There’s no doubt that the females are (oh-so-deservingly) the stars here (Kate McKinnon most of all; she absolutely rocks) but Chris Hemsworth is given a chance to shine as their muscular, pea-brained secretary Kevin. A mid-credit scene has him conducting an army of possessed dancers a la Michael Jackson’s “Thriller” and it’s nearly worth the price of admission alone. On the flip side, Neil Casey’s maladjusted villain is extremely disposable, as is his blasé scheme to wipe clean a world that unfairly ignored his genius.
Careful not to unduly cross the streams of antiquity and modernity, Feig’s Ghostbusters stands confidently on its own whilst tipping its inherited hat to its predecessor. The “bigger is better” demand of modern blockbusters sees the blend of the original’s iconography with next-gen technology, giving a face lift to the nerdy doohickeys of the ’80s while still allowing for their campy charm to exist in 2016. This allows for a mostly dilapidated Ecto-1 and an arsenal of high-powered, ghostbusting sidearms to cohabitant a movie without it feeling unduly beholden to that which came before or out of place in our current generation.
The imposing number of cameos, winking musical cues and dialogue callbacks are met with an equally self-aware acknowledgement of its place in pop culture. A scene that has the crew checking their YouTube comments is nothing less than perfect; a knowing jest to all those familiar with Ghostbusters’ turbulent troll infestation and a grinning extended middle digit to the perpetrators behind the movement. Rather than throw their enemies in the chipper, Ghostbusters fights dissent with a grin and a pat on the back. It’s a hard movie to dislike and an even harder one to hate.
Even with high-powered, reconfigured weaponry, apocalypse-level threats and a high ratio of computer-created apparitions, Feig scales things goofily. The end-of-times peril posed is a bluff delivered with a wink, spawned with technical marksmanship that helps Ghostbusters’ mighty set-piece spectacle deliver on a level matching its comedic zest. His is a creation of little consequence, a cheerily disposable and almost entirely bemusing romp. One ripe to deposit unto its audience a slimy residue of jubilant silliness as infectious as a cool summer chart-topper and just as bubblegummy. It’s the deliciously melty ice pop of pop cinema.

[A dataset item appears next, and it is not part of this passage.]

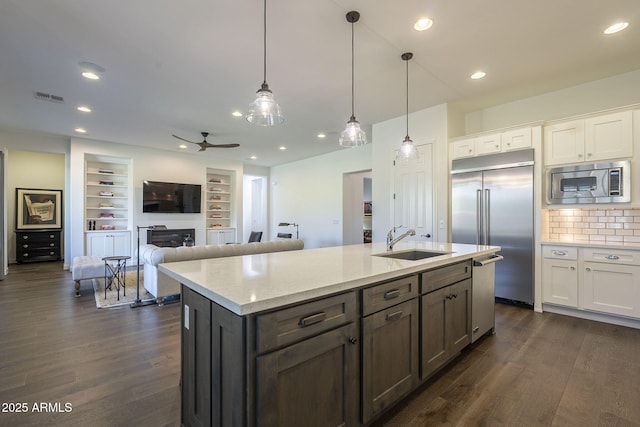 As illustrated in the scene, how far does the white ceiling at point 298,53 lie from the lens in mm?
2473

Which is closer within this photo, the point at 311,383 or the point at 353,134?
the point at 311,383

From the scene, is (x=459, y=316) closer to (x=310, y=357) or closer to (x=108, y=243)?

There is much that Ghostbusters is not. It’s not perfect. It’s no all-timer. It won’t claim a spot on the shelf of excellence, where stands soup and salad. What it is however is a deliriously funny, impressively mounted assault on the cu rrent cycle of sourpuss blockbusters. Dredging up the ghosts of movies past and giving them a new spin, Feig’s reboot qualifies its existence by offering a new crew and shiny gadgets, bolstered by an almost non-stop string of laughs, making this a sandbox ripe for revisiting and deserving of your dollars.
CONCLUSION: Paul Feig’s hotly contested ‘Ghostbusters’ is no cinematic scourge. In fact, it’s a rather delightful – if lightweight and basically substance-free -diversion: the epitome of true summer blockbuster fun. The all-female cast sparkles with wit and well-placed comic timing but none so much as Kate McKinnon, who has, in turn, thrown down a hell of a star-making turn.